The initial three-year contract between Odeen’s and the town was scheduled to end later this year, after the golf season.

The business — which is dependent on good golf weather — started off exceeding revenue projections.

“Our first year were about 27% above,” Odeen said.

“The next season, down 8%,” he said.  

How about this year?

“You’ve seen all the rain,” Odeen said.

‘Deluge after deluge’

Sergiovanni offered similar testimony when asked if the course was getting more golfers.

Comparisons are thrown off because the weather’s been so bad, he said.

The course went through its worst 50-day period in memory this summer.

“Not just rain, but deluge after deluge,” Sergiovanni said.

“I’ve been in the business 35 years, and I’ve never seen anything like it.”

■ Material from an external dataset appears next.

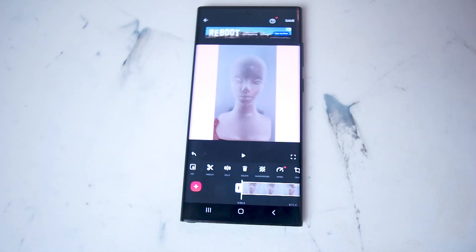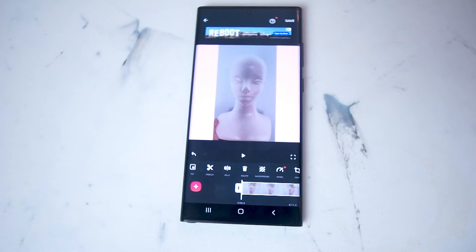What's good YouTube? In this video we'll be taking a look at how to change the background color of your TikTok videos and Instagram reels using InShot right on your smartphone.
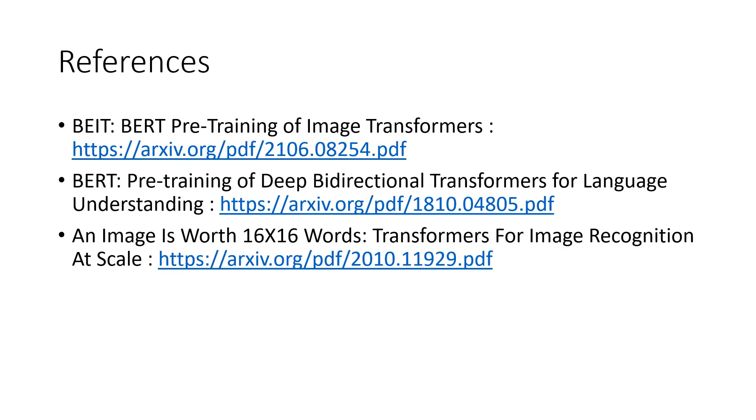These are my references used for the presentation. Thank you for sitting through my presentation — I hope you have a nice day.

The food operation’s customer base is people who come to play golf — and that’s controlled indirectly by the contract.

“The spirit of the agreement is they’re not operating outside of the golf day,” Sergiovanni said.

Still, there are some non-golfing customers.

“Do people come just for lunch?” Selectwoman Barbara Manners asked.

“They do,” said Odeen. “They come just for lunch. They come just for dinner. They come just for cocktails at sunset...

“We’ve got flowers out on the deck,” Odeen said. “I really believe it’s one of the most enjoyable public views in town.”